No... in fact, you are!

To amortize the overhead of the CPU "uncore", you need to look at more heavily threaded workloads.

And you are taking a max power draw to draw conclusion to performance data that was not taken under max power draw.
Performance goes with power. If we look at Raptor Lake's performance under conditions which enable its cores to reach their max performance, then we must also take their power draw under those same conditions.

For that, and since we're talking about P-cores, we need to look at a multi-threaded test that uses only P-cores. Here's one of the i5-12600 (6 Golden Cove P-cores):
power-multithread.png

That's if we're talking about micro-architectural efficiency. If you're concerned with some other criteria, then state your criteria so we can discuss which metrics are most appropriate.

So far, I can't figure out what your agenda is, other than to try and minimize or distract from anything that's embarrassing to Intel. I've got to say that every one of your posts that try to put some positive spin on Intel or paint AMD in a negative light makes me feel just a little worse towards Intel. If you were a brand ambassador for team Intel, I'd say you're scoring some own-goals.
 
You are confusing cores and full CPUs...
And you are taking a max power draw to draw conclusion to performance data that was not taken under max power draw.

The individual cores that intel has are way more efficient than ryzen.
Even with power limits removed, you have to do some hardcore overclocking to make the 13900k be the least efficient CPU.
https://www.techpowerup.com/review/intel-core-i9-13900k/22.html
efficiency-singlethread.png
Uhhhh do you not see in the graph you provided that the Ryzen 5 7600x single thread efficiency handily breaks open a can of whoop on the core i5-13600k’s score which has the highest single thread efficiency of all Intel parts tested?
It’s no comparison, the ryzen 7600x single thread @ 5.3 ghz is 29.5% more efficient then the most efficient Intel chip tested IE the 13600k single thread @ 5.1 ghz.

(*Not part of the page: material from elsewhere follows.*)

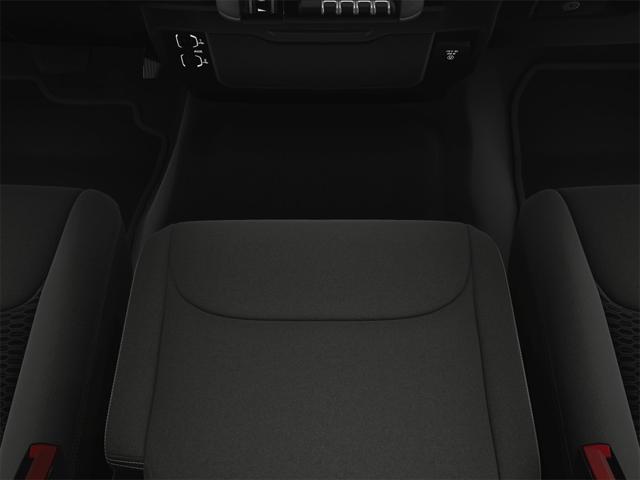 new 2025 Ram 1500 car, priced at $46,999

The ryzen 9 chips were pushed way past the optimal frequency/voltage curve for their single threaded boost speed which is a limitation of using TSMC’s N5 generic process node designed for wide application compatibility vs Intel 7 aka 10nm which was designed from the ground up with only concern towards Intel CPU performance so it makes sense that Intel 7 is still efficient at 5.8 ghz.
However, you can see that Zen 4 is a much more efficient architecture because, when the single thread frequency is reduced to within the TSMC’s 5nm node’s optimal range in its frequency/voltage curve, the zen 4 architecture is massively more efficient than anything Intel has. Just look at the single thread efficiency ramp up for zen 4: 7950x @ 5.7 ghz = 41.7 pts, 7700x @ 5.4 ghz = 83 pts (IE +100% single thread efficiency gain by dropping frequency by 300 MHz), then 7600x @ 5.3 ghz = 124.3 points (IE a + 50% efficiency gain by dropping frequency by another 100 MHz).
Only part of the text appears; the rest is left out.